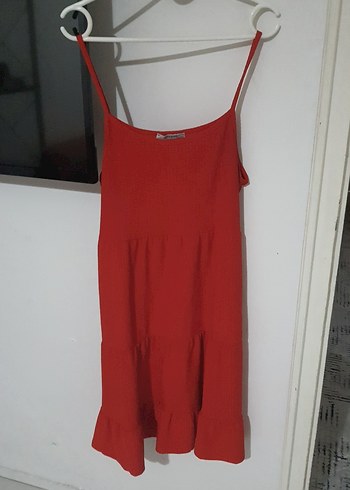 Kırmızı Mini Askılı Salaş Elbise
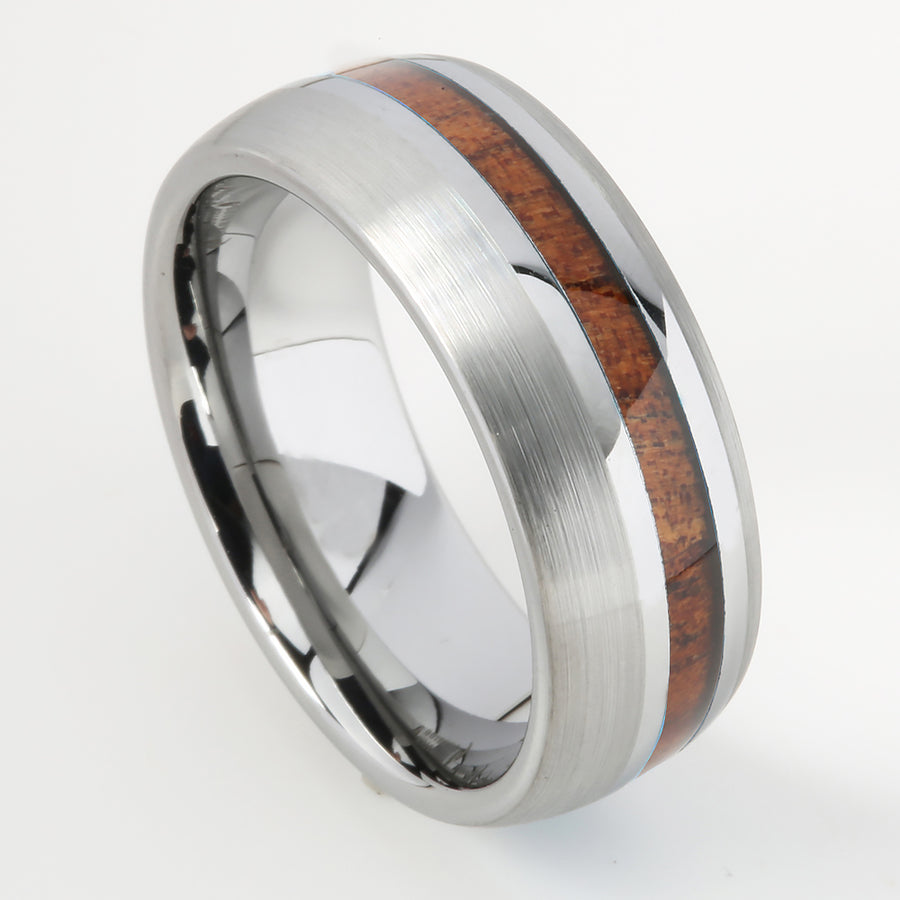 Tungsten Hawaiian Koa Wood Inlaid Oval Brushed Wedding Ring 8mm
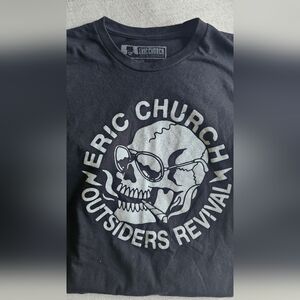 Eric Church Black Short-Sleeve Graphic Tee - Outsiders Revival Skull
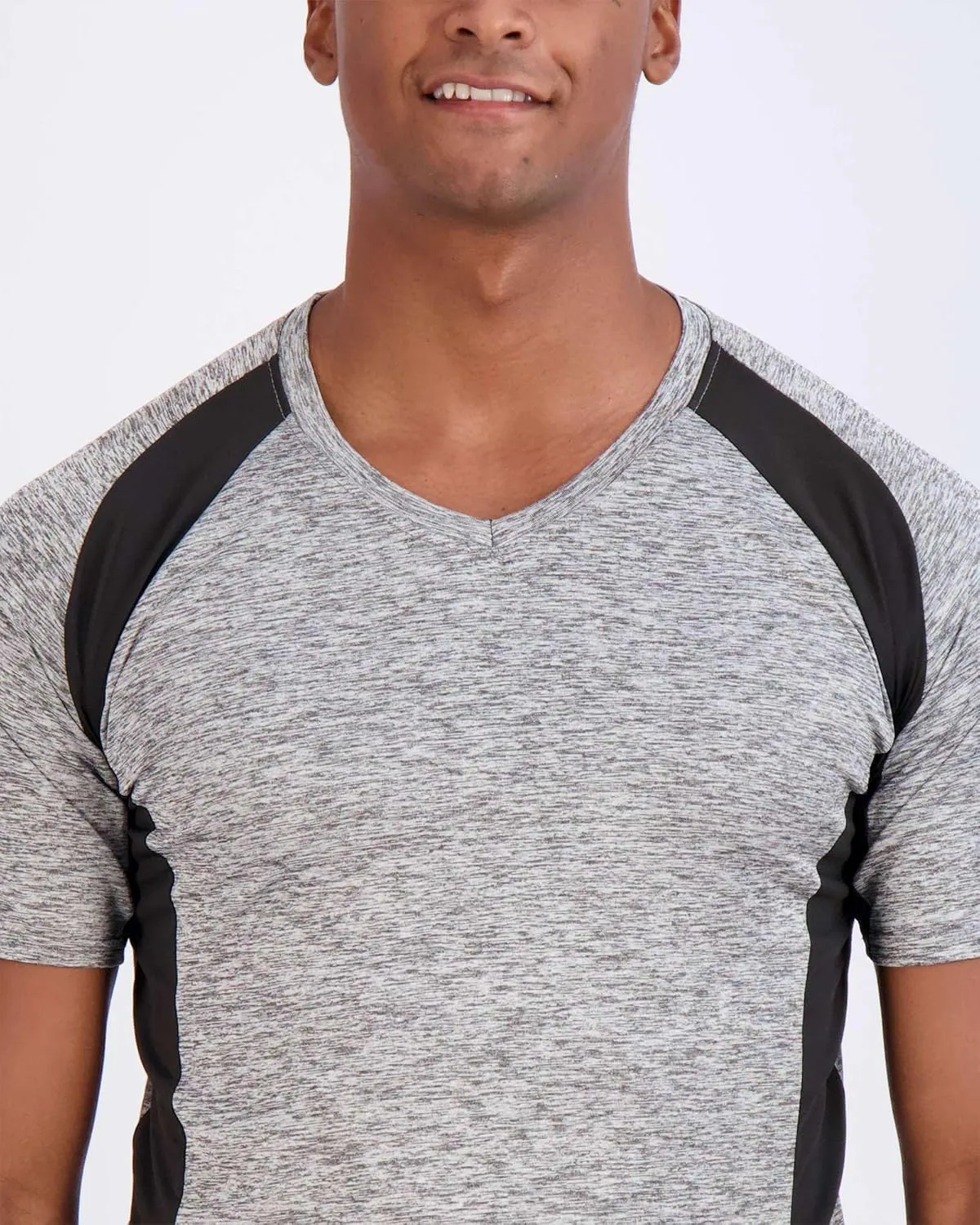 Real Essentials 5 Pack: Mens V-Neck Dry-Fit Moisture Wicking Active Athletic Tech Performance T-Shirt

Action item: Could you give all of the data again exactly as written, omitting any pictures?

Result for this exercise:
 Kırmızı Mini Askılı Salaş Elbise
 Tungsten Hawaiian Koa Wood Inlaid Oval Brushed Wedding Ring 8mm
 Eric Church Black Short-Sleeve Graphic Tee - Outsiders Revival Skull
 Real Essentials 5 Pack: Mens V-Neck Dry-Fit Moisture Wicking Active Athletic Tech Performance T-Shirt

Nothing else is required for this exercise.